[Crawled caption data]
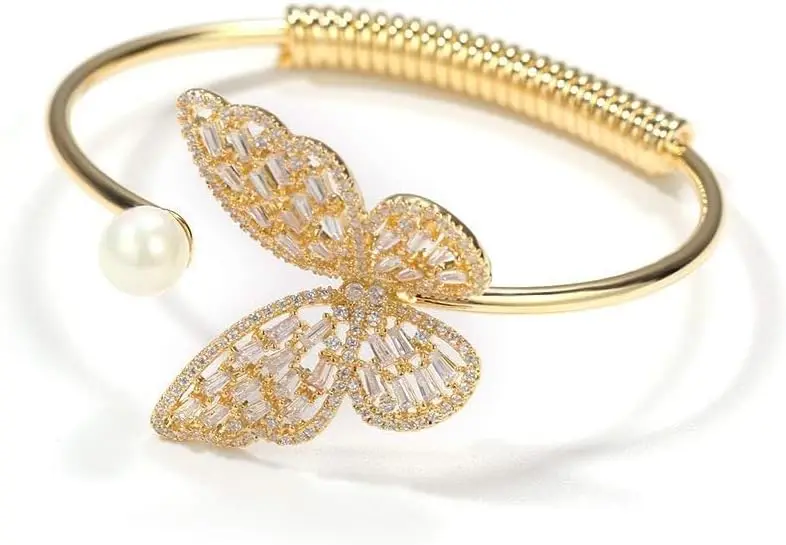 14K Gold Moissanite Butterfly Open Bangle for Women,Adjustable Freshwater Cultured Pearl Charm Bangle Bracelet,Gift for Mom,Girlfriend,Wife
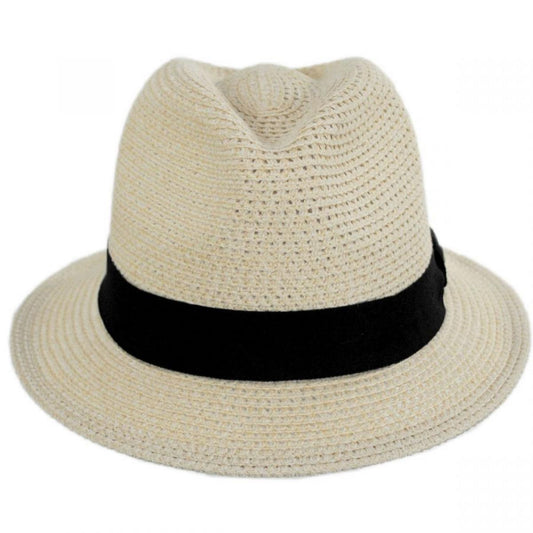 Scala | Summerville Polybraid Fedora Hat | 126347 | front | NATURAL
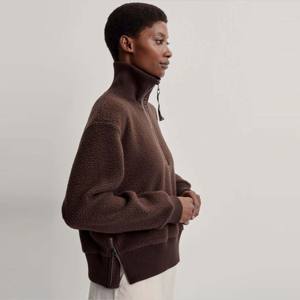 Jersey de lana con media cremallera para mujer, chaqueta acogedora cálida y elegante, perfecta para uso diario y al aire libre - Product Image 3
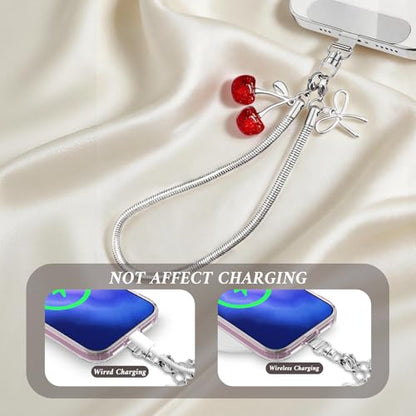 Phone Wrist Strap Phone Charm Strap Metal Phone Chain Tab Welding Process not Easy to Break - color: Round Cherry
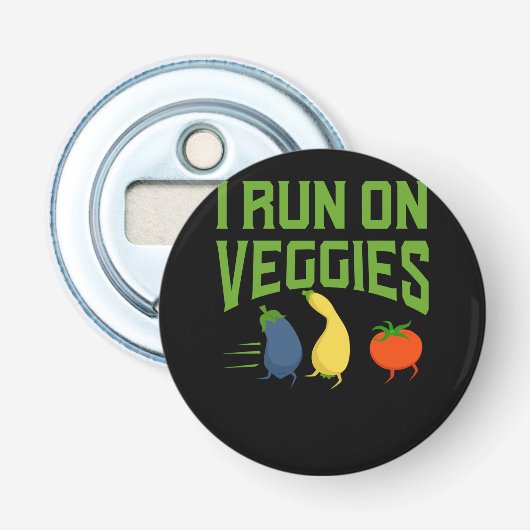Vegan - Ich laufe auf Veggies Flaschenöffner (Vorderseite)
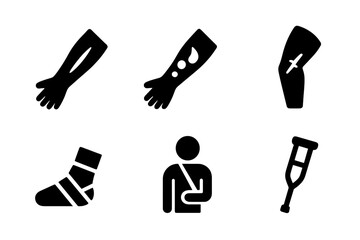 Body Injuries Icons. Solid, filled icon set of body injuries: cut, bruise, burn, fracture, sprain, bandage, crutch, cast. Solid, filled icons in only black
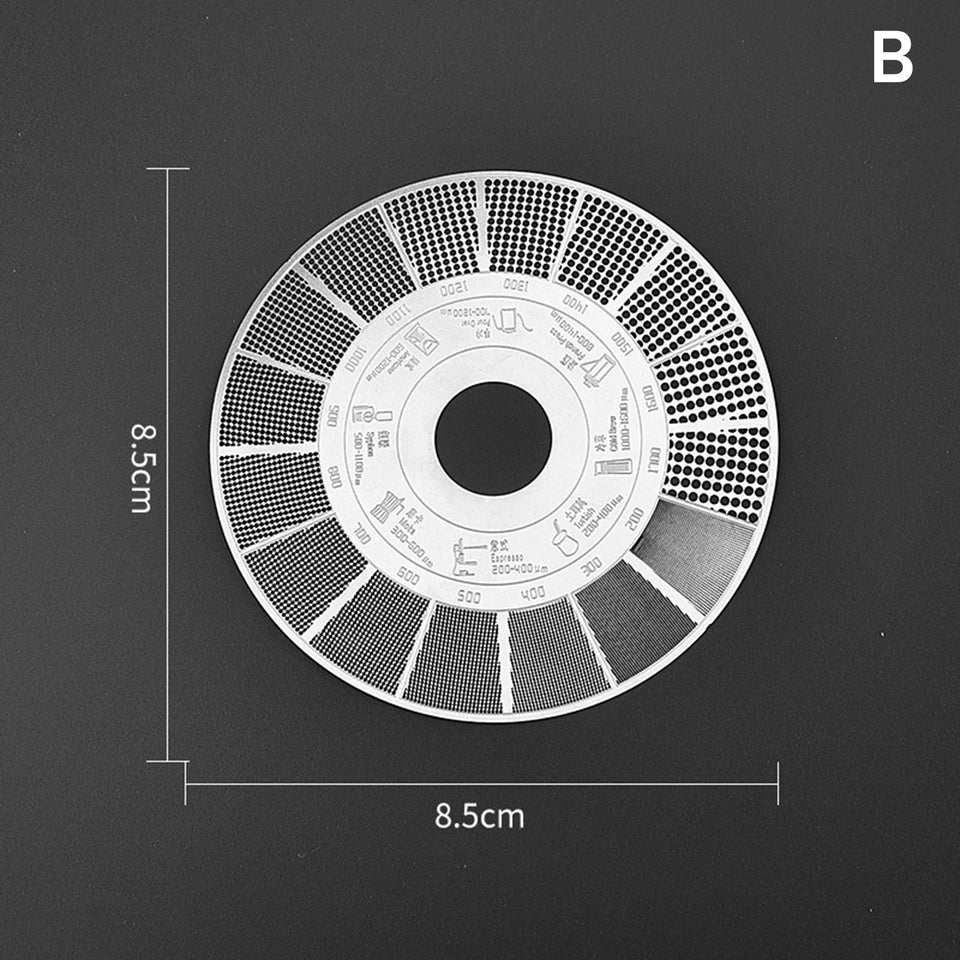 Coffee Powder Grinding Thickness Reference Comparison Card Grinder Grinding Powder Thickness Comparison Scale Coffee Accessories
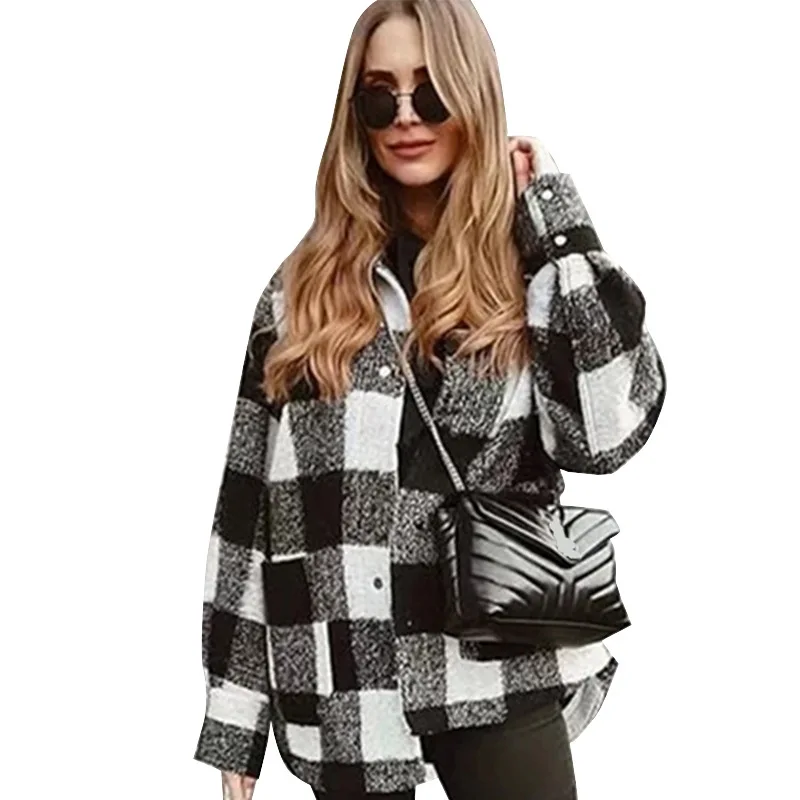 

casual Autumn winter 2020 new classic Plaid top green plaid print coat woolen coat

- DIRECTIONS FOR THIS TASK -
All the lines above need to be repeated exactly, with no pictures carried over.

- OUTPUT -
 14K Gold Moissanite Butterfly Open Bangle for Women,Adjustable Freshwater Cultured Pearl Charm Bangle Bracelet,Gift for Mom,Girlfriend,Wife
 Scala | Summerville Polybraid Fedora Hat | 126347 | front | NATURAL
 Jersey de lana con media cremallera para mujer, chaqueta acogedora cálida y elegante, perfecta para uso diario y al aire libre - Product Image 3
 Phone Wrist Strap Phone Charm Strap Metal Phone Chain Tab Welding Process not Easy to Break - color: Round Cherry
Vegan - Ich laufe auf Veggies Flaschenöffner (Vorderseite)
 Body Injuries Icons. Solid, filled icon set of body injuries: cut, bruise, burn, fracture, sprain, bandage, crutch, cast. Solid, filled icons in only black
 Coffee Powder Grinding Thickness Reference Comparison Card Grinder Grinding Powder Thickness Comparison Scale Coffee Accessories

casual Autumn winter 2020 new classic Plaid top green plaid print coat woolen coat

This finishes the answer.